Finally, it’s over. American film and television writers threw down their artfully-worded protest placards and went back to work yesterday as Guild members voted to approve a deal with the studios that officially brought the 100-day writers’ strike to an end.

The precise details of the new contract are breathtakingly dull, and it’s still yet to be officially ratified by Guild members, but the key provision is that in its third year, it will allow for writers to be paid a percentage of revenue derived from the internet and various other forms of new media.

This is a victory for the striking writers. The crux of their argument was always that they should be entitled to a share of the rapidly-expanding internet revenue pie. Giving them a percentage of that revenue through residual payments seems a fair way of balancing the writers’ demands with the studios’ argument that they have no way of knowing how much revenue online broadcasting will generate.

However, now that the strike’s out of the way, what sort of Hollywood are the writers coming back to? The first problem, for television writers especially, is trying to remember what plots they were working on when they walked out. But in the longer term, there has been a fair bit of talk that the studios, having taken a whopping financial hit, would regroup with a far more conservative, even hostile, approach to the development of new content.

That means more foreign imports and probably more reality. It also, and this is where it will sting, means decreased investment in expensive development. Studios, up until recently, produced somewhere around fifteen pilots a year. That meant work for the writers who write them, but more importantly, a lot of money sunk into their development – in some cases around $8 million over a couple of years to a writer and their team. There’s talk that the number of pilots might decrease dramatically to around five or six per studio, cutting the amount of work by about two-thirds, and that the rich development deals will dry up. Some of them already have.

The consequence of this is that writers and producers will be forced to bear their own costs, to work for nothing when developing new shows or screenplays. After the previous strike in 1988 the Hollywood film industry relied strongly on spec scripts – scripts written by screenwriters on their own time in the hope that a studio would pick them up. The writers whose scripts were bought did very well out of it, but no-one else did. But to the studios, it was a way to acquire good scripts without all the expensive overheads involved in their development.
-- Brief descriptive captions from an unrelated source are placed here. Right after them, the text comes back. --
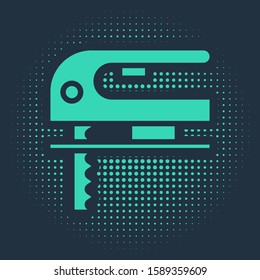 Green Electric jigsaw with steel sharp blade icon isolated on blue background. Power tool for woodwork. Abstract circle random dots. Vector Illustration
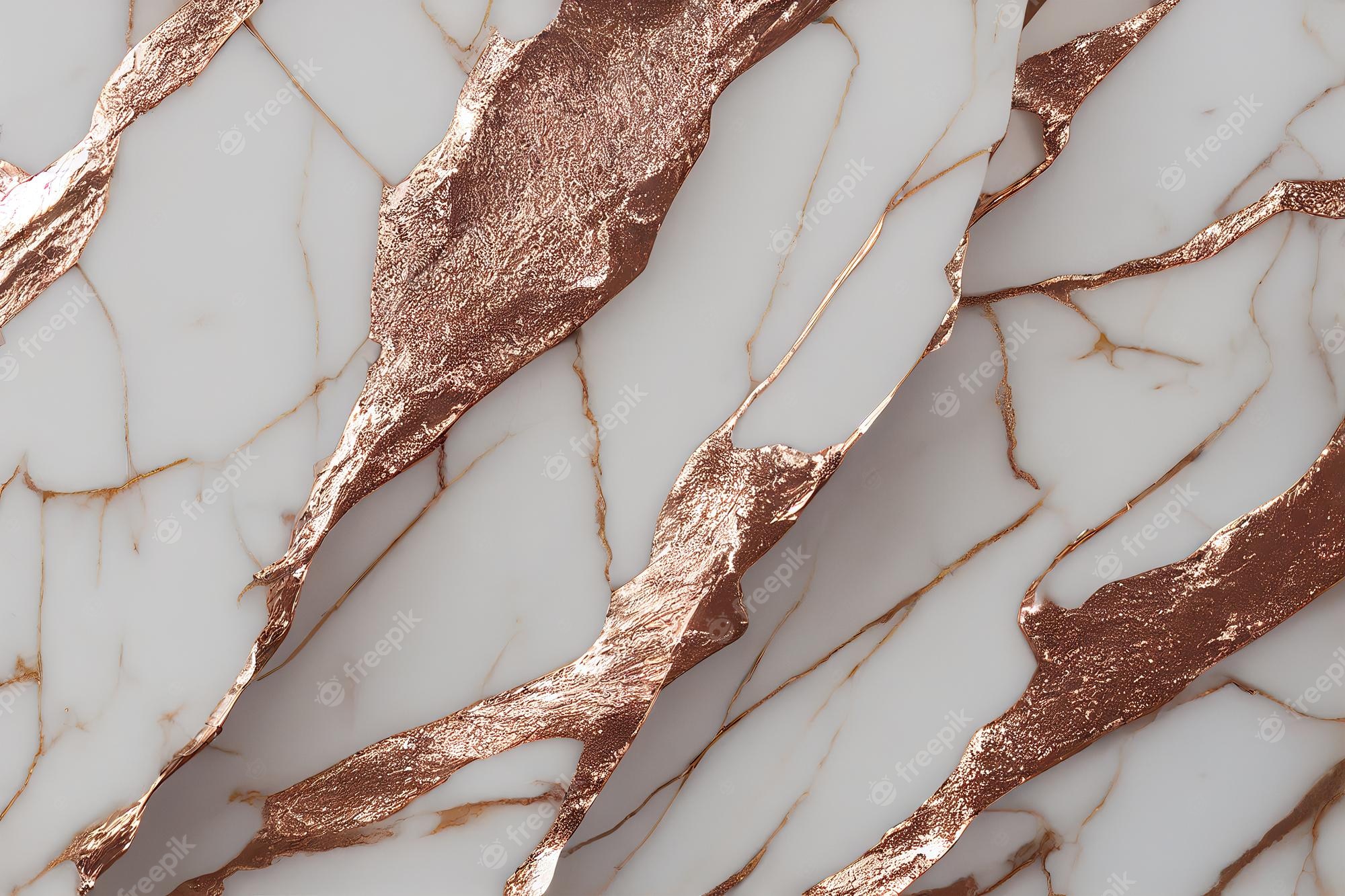 Rose Gold Aesthetic Marble Background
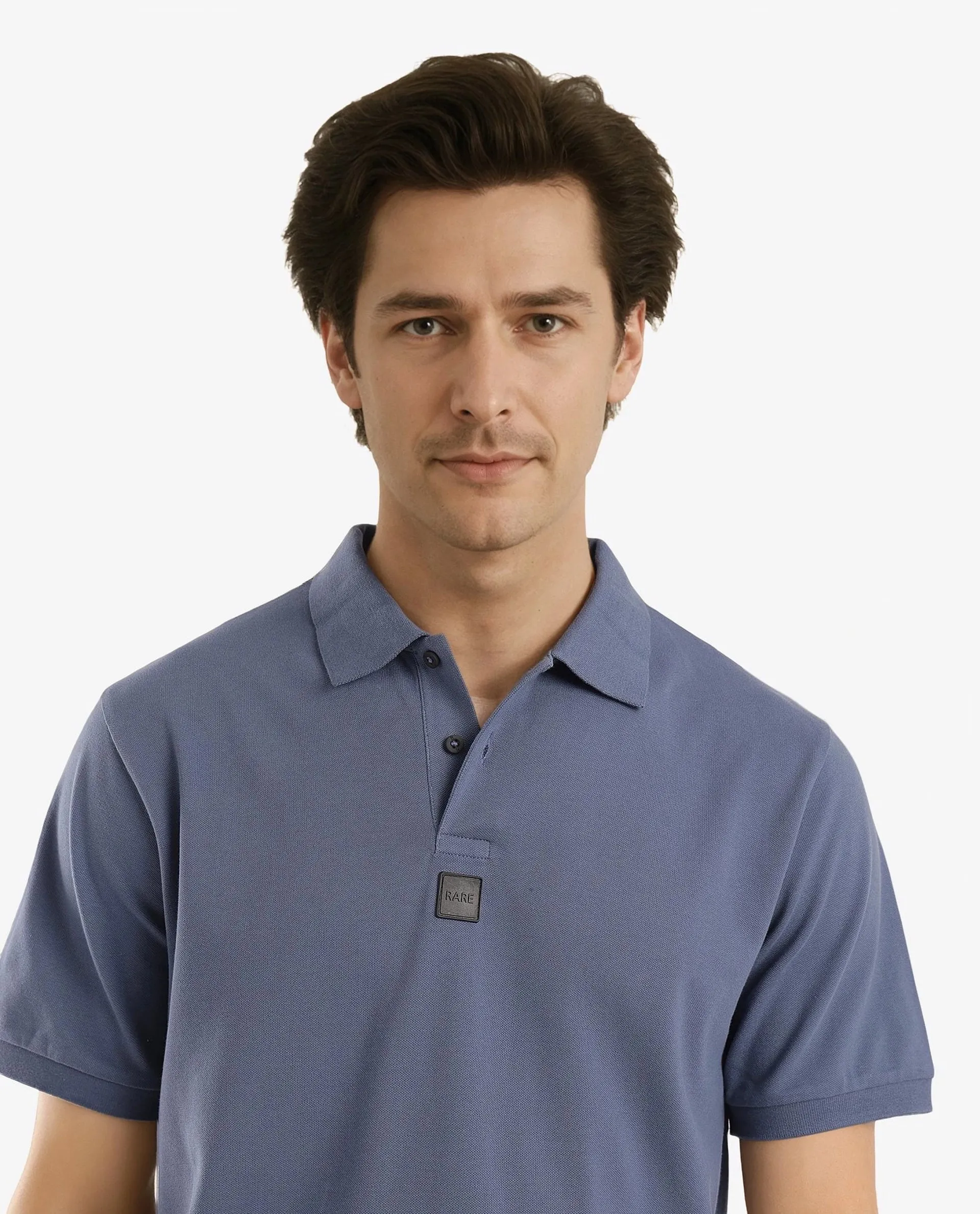 Rare Rabbit Men Mabe Petrol Short Sleeve Regular Collar Silicone Badge Branding Flat Knit Plain Polo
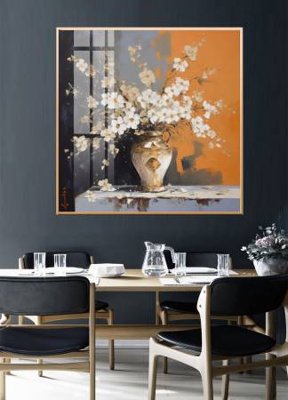 File tranh File gốc in bộ tranh decor treo tường đẹp hoa 5d DC3876 (bản gốc) in lụa dán tường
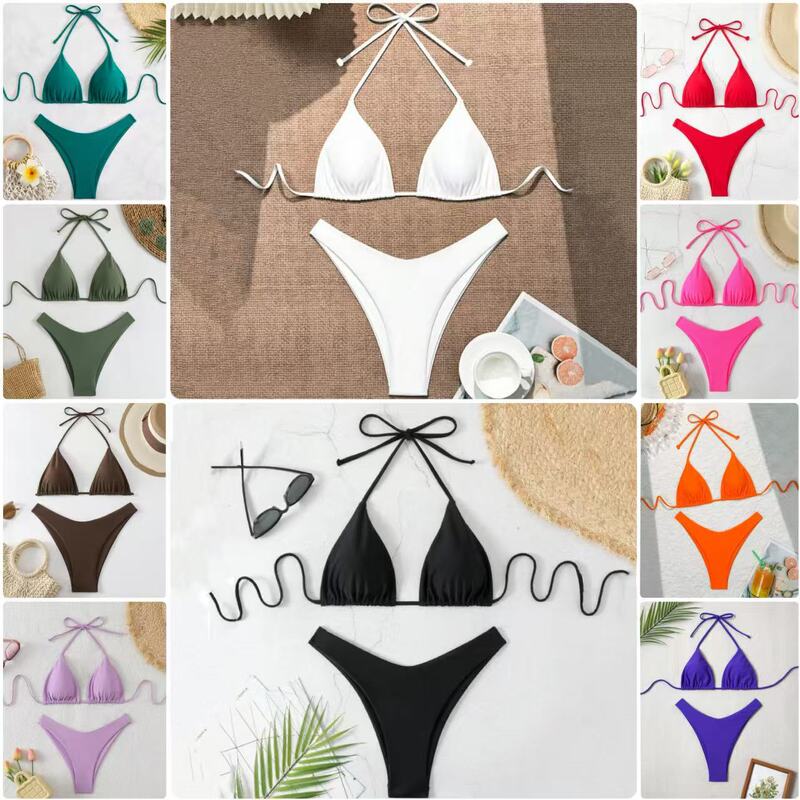 European and American New Swimsuit Women's Amazon Solid Color Beach Bikini High Waist Lace-up Foreign Trade AliExpress Sexy Swimsuit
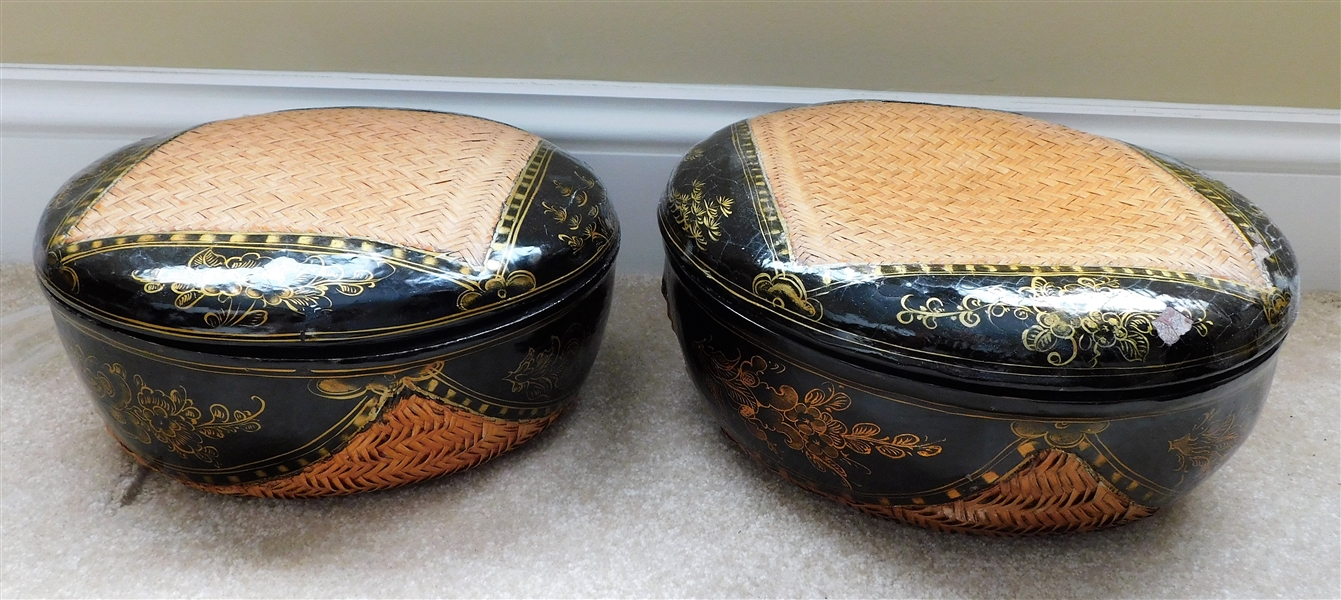 2 Gold Decorated Lidded Baskets - 13" and 12" across - Largest Has Finish Loss on Top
The flipside of this, however, is that writers and producers with profile and/or talent may be able to bypass the studios and write and produce their own content to be broadcast directly to the viewer via the internet. Web drama Quarterlife is the most prominent example of a straight-to-audience production; its creators made the product first, then brought in NBC to produce, giving them far more power than they would have had under a traditional broadcast model.

So this story is not over yet. The effects of this strike may be felt in Hollywood for a long, long time. But one thing we can all be grateful for, blessing of blessings, is that the Oscars will go ahead. Because if there’s anything Hollywood needs, it’s more glittering self-congratulation.

Peter Mattessi is a Melbourne-based TV writer.